Spring is my second favorite season (fall being at the top of my list). The weather is perfect, -sunny, warm, things are starting to blossom, love is in the air.. Spring symbolizes new life, rebirth, warmth, and hope. It seems to bring a refreshing source of energy to all aspects of life. Let’s celebrate the beginning of spring as we dive into Easter! I know that I will be pigging out a feast next week. And I will definitely be eating lamb again (among other things) on Easter Sunday.

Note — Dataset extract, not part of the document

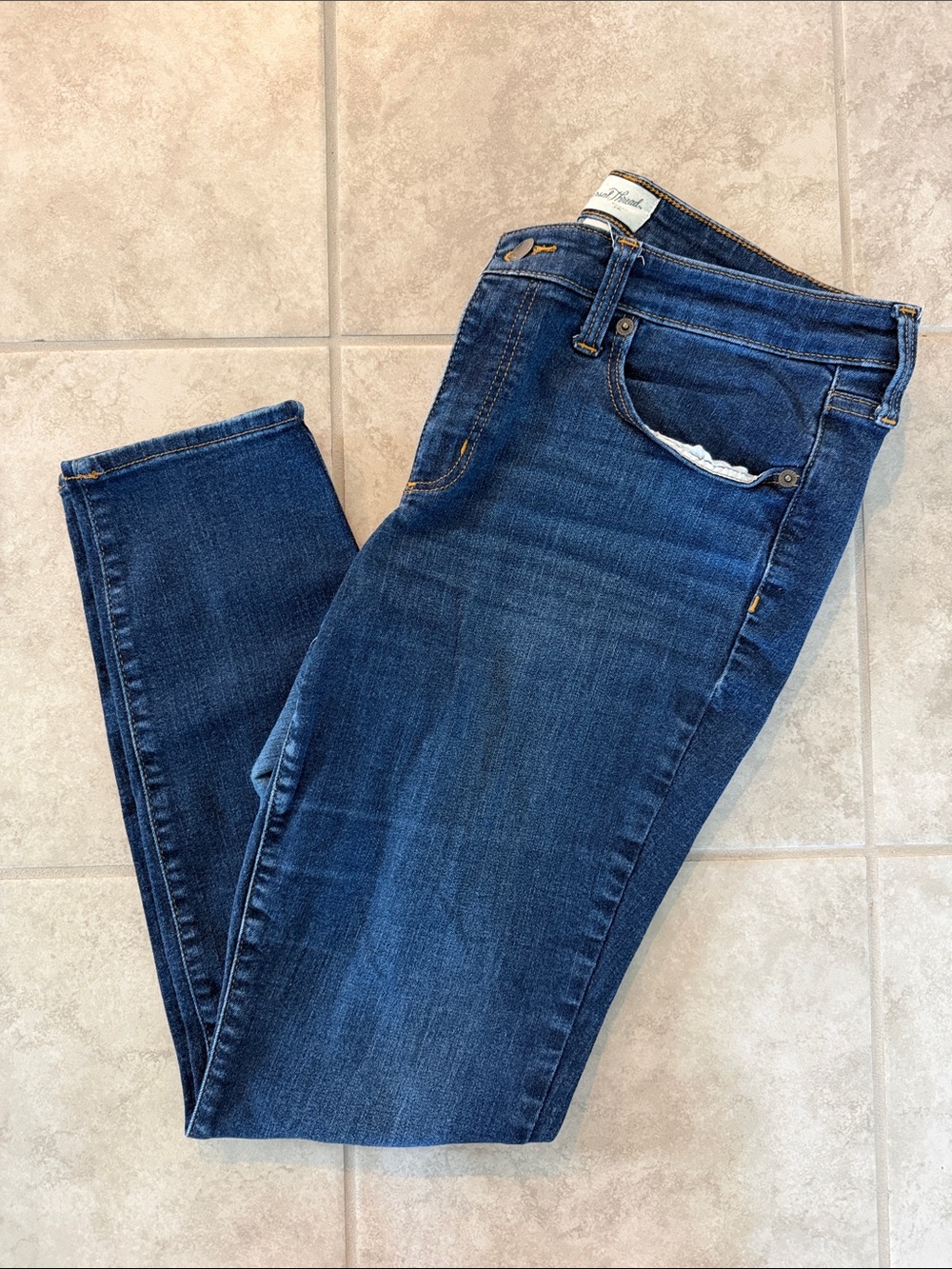 Universal Thread Dark Blue Mid Rise Skinny Jeans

Lamb is one of the traditional foods served on Easter. In religious perspectives, the lamb symbolizes Jesus Christ, the Lamb of God who died and resurrected. Traditionally, even before the coming of Christ, the “sacrificial lamb” was served by the Jewish people, with the idea that God’s spirit would be with them. This tradition was passed along into Christianity.

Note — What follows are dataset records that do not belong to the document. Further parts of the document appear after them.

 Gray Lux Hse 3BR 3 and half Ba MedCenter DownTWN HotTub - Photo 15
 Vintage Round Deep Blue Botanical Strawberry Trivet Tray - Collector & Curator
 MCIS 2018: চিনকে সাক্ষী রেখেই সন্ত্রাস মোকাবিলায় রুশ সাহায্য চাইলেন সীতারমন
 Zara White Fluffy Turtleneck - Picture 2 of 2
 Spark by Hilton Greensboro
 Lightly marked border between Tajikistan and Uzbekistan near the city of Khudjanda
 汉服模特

With all the hype of lamb dishes around this time of year, I found myself at the grocery store picking up some lamb chops. Various cuts of lamb were on sale too. I love the tender texture and mild flavor of lamb. I was debating on rack of lamb, lamb chops, or tougher parts of lamb such as shoulder or shank. I decided to go with lamb chops, USDA Prime (the most flavorful and tender of all the grades).

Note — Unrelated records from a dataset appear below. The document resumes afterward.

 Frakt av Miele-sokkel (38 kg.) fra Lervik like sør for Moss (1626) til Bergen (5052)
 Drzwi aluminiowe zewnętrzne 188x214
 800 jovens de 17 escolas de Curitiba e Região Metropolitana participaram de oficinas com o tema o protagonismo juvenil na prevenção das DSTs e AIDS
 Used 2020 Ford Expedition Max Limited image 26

I wanted to make a simple yet delicious dish…something that looked like I spent a lot of time and effort into, when in fact I did not. When patting the lamb dry, pat very gently. A trick I learned is to not press too hard when patting. Be careful not to squeeze out any excess juices. You will just be removing flavor and moisture, compromising flavor and juiciness. Or you can do it the “professional” way and lay the meat on a rack over a sheet pan. This will allow the excess juices to drip off naturally.
I used a generous amount of herbs and garlic for the items in the dish. I can’t get enough of the herby garlicky flavors in such a warm, comforting dish. I find it to be one of the comfort “foods that hug you,” as Carla Hall (of The Chew) would say. When making this dish, your kitchen will be filled with the piquant aromas released from all of these wonderful flavors.
I seasoned the meat generously with salt and pepper, and simply pan-seared it until caramelized on both sides. I like mine medium-well, perfectly pink and juicy in the middle. My favorite part was the sauce, a distinct flavor consisting of herby, garlicky, and sharply pungent. After searing the meat, remove from the pan. Add the garlic into the pan and sweat without burning. Deglaze with the red wine (I used Merlot from Barefoot), scrapping and stirring. Reduce until thickened. Add the broth or stock, until reduced. When reduced to a demi-sec, monter au beurre (mount with butter). I just love the velvety, rich flavors of sauces that utilize this method. Stir in the herbs, whole grain mustard, and cream.
The lamb was served with wild rice and Red Bliss Potatoes, which were both generously garnished (or seasoned, whatever you want to call it) with herbs. The herbs used were parsley, rosemary, and thyme.
I paired this meal with Merlot, the same wine I cooked with and used in the sauce. Never cook with wine you wouldn’t drink! I have made that mistake in the past, resulting in undesirably flavored dishes.